CPU Offload
General Principles
In DiT model inference, all block weights must reside in NPU memory. When the model size exceeds a single card's memory capacity, some block weights need to be temporarily offloaded to CPU memory and transferred back to NPU when computing those blocks. This technique is called offloading.
In synchronous offload mode, the GPU stops after computing one layer and waits for the next layer's weights to be transferred from CPU to NPU before continuing. This causes the GPU to be idle most of the time, reducing utilization.
Technical Features
This repository adopts an Asynchronous Offload approach to address the efficiency problem of synchronous mode.
The core principle is: through an asynchronous pipeline design, computation and weight loading are parallelized. While the GPU computes layer N, layer N+1 weights are already being transferred in the background. When layer N computation completes, layer N+1 weights are already loaded and ready, with computation time masking transfer time, significantly reducing GPU idle time.
The following diagram compares synchronous and asynchronous offload flows:

Implemented through the following mechanisms:
- Independent copy streams:
h2d_stream(Host to Device) andd2h_stream(Device to Host) are separated from the compute stream, enabling parallel copy and computation. - Forward pre-hook: Before block execution, asynchronously loads subsequent block weights to NPU.
- Forward hook: After block execution, offloads used weights from NPU to free memory.

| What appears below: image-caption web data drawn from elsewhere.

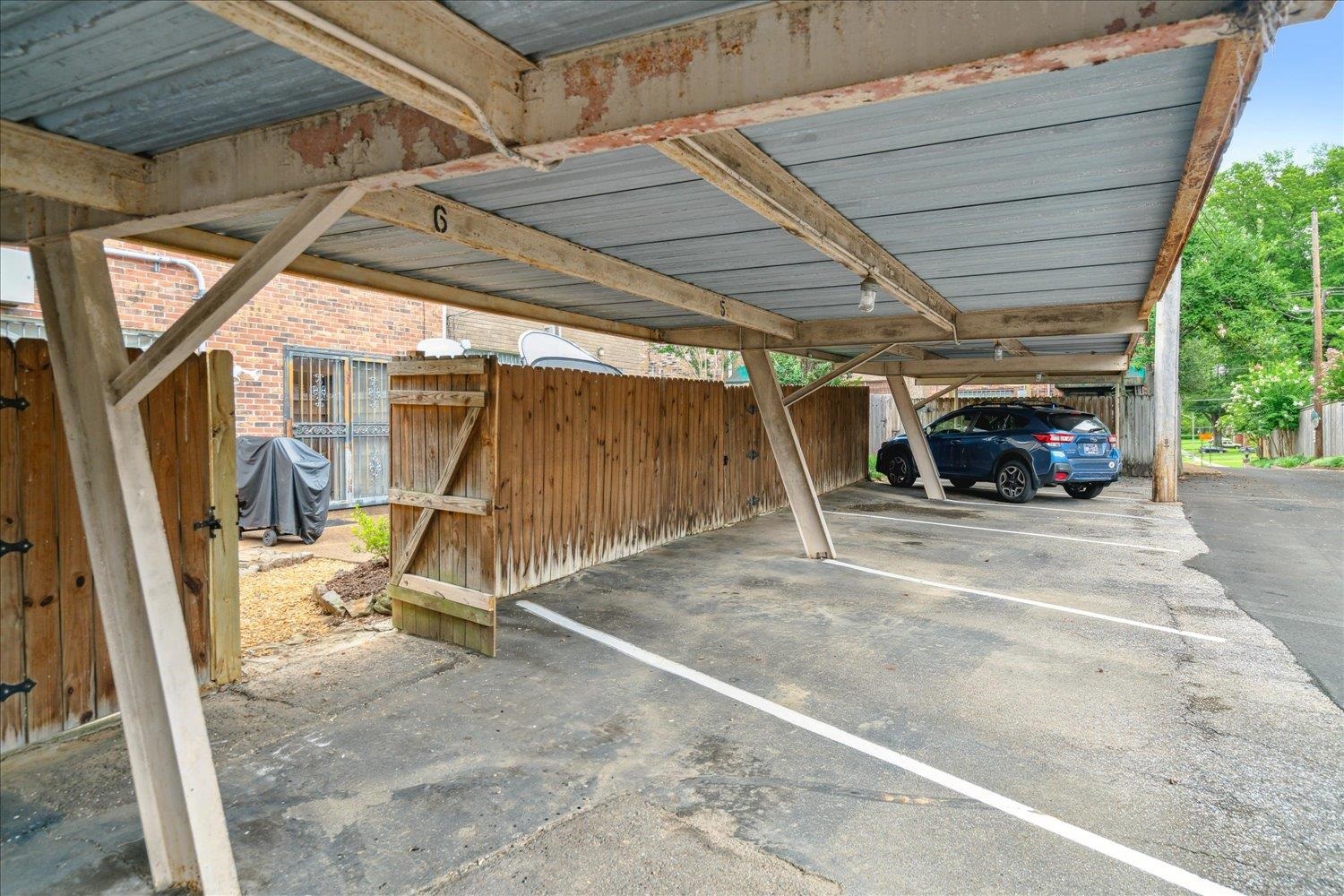 435 North Highland Street, Unit 2 Memphis, TN 38122 - Photo 22 of 26 View of parking featuring a carport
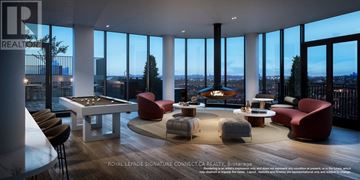 Toronto (Dovercourt-Wallace Emerson-Junction) condo for rent - A living room with a pool table and a fireplace.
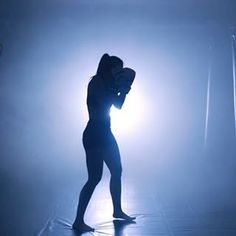 a woman standing in front of a spotlight on a stage with her hands behind her head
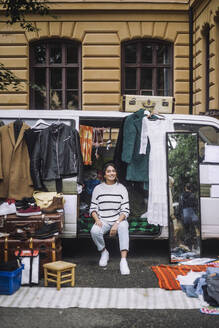 Portrait of smiling woman selling second hand goods while sitting in van at flea market - MASF41777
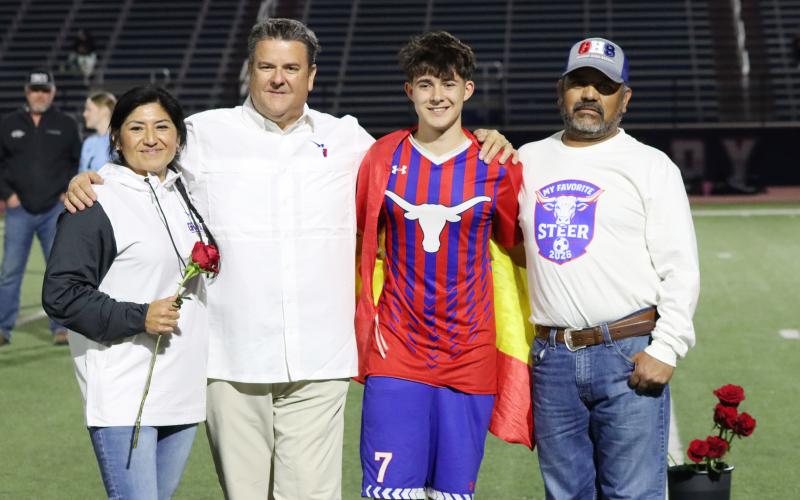 (THOMAS WALLNER | THE GRAHAM LEADER) Exchange student Pablo Gonzalez is honored during senior night with his host family.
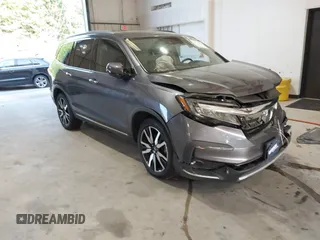 2021 Honda Pilot Touring 8-Passenger with VIN 5FNYF6H95MB048527, listed as a IAAI auction lot 42542138 with 40,584 mi miles and . Bid and sale history available at DreamBid. Image 1.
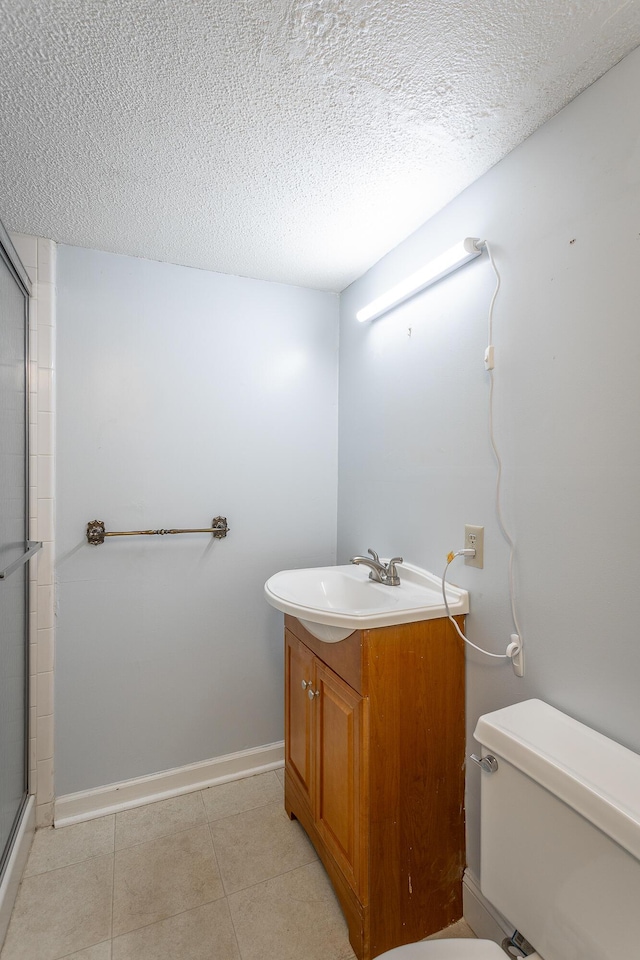 bathroom with an enclosed shower, vanity, toilet, and a textured ceiling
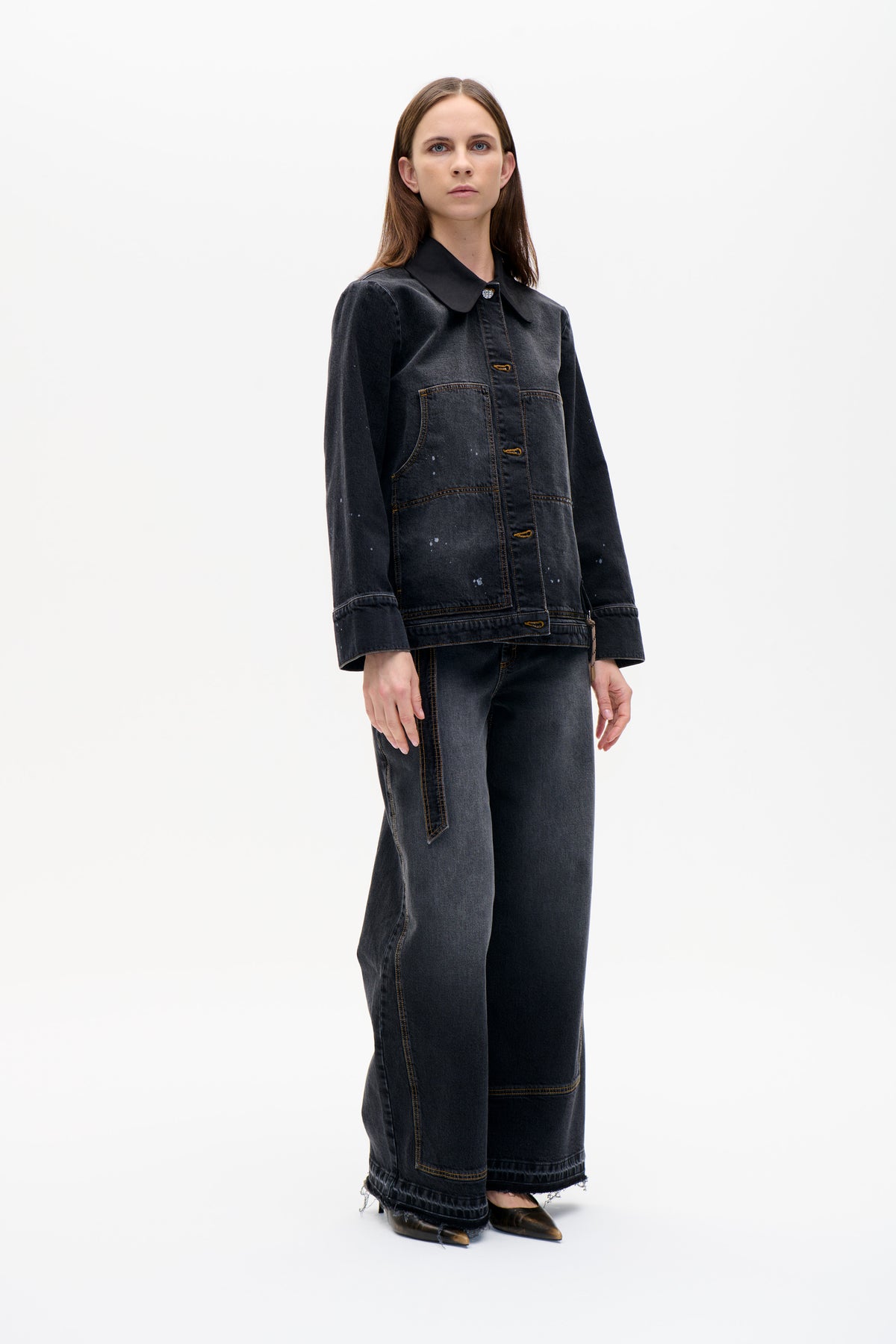 Front view of a model wearing a charcoal denim jacket with a large rounded collar, contrast stitching, patch pockets and light splatter details.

- Reserved block count: The
min_reserved_blocks_countparameter controls the number of blocks always kept on NPU; remaining blocks are dynamically swapped in and out.
API Reference
from mindiesd.offload import enable_offload
Function Signature
enable_offload(model, blocks, min_reserved_blocks_count=2)
Parameters
| Parameter | Type | Required | Default | Description |
|---|---|---|---|---|
model |
torch.nn.Module |
Yes | - | Target model to enable offloading |
blocks |
ModuleList |
Yes | - | Sequentially ordered block list in the model |
min_reserved_blocks_count |
int |
No | 2 |
Number of blocks always kept on NPU |
Return Value
None: Modifies in-place, no return value.
Usage Example
from mindiesd.offload import enable_offload
# Create model
model = DiTModel(...)
# Enable offload, keep 2 blocks on NPU
enable_offload(model, model.blocks, min_reserved_blocks_count=2)
# Move model to NPU
model.to("npu")
# Normal inference; framework automatically manages async weight swapping
with torch.no_grad():
output = model(x)
Notes
- When used together with DyEPLB.md, bandwidth contention may occur. Adjust execution timing as needed to avoid mutual blocking.